---------- EXTRACTED INFORMATION ----------
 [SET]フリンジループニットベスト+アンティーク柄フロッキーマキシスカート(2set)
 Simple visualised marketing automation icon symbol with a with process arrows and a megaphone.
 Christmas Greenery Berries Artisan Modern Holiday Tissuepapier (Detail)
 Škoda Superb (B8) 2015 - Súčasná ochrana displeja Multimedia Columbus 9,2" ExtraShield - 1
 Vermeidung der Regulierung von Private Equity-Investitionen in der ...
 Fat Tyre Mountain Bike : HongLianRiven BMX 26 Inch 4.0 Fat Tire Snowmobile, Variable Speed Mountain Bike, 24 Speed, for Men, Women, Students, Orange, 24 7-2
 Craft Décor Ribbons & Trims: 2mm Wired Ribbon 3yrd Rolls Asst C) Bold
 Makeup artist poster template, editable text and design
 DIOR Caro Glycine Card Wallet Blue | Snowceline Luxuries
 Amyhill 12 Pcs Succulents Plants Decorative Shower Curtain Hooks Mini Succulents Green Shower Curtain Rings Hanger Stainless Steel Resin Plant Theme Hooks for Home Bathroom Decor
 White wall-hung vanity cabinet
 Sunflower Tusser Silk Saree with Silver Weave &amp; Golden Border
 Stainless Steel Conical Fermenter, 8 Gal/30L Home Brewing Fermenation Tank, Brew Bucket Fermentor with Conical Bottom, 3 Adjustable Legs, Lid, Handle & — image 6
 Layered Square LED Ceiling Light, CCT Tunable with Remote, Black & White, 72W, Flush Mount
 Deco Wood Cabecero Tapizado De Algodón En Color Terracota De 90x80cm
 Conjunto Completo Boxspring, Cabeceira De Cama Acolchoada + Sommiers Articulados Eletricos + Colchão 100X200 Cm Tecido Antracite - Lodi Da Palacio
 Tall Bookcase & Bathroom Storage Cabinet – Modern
----------
» **DIRECTIONS FOR THIS TASK**
What is the number of lines in the data that hold the string "Steel"? Answer with the number only.

» **RESPONSE BOX**
2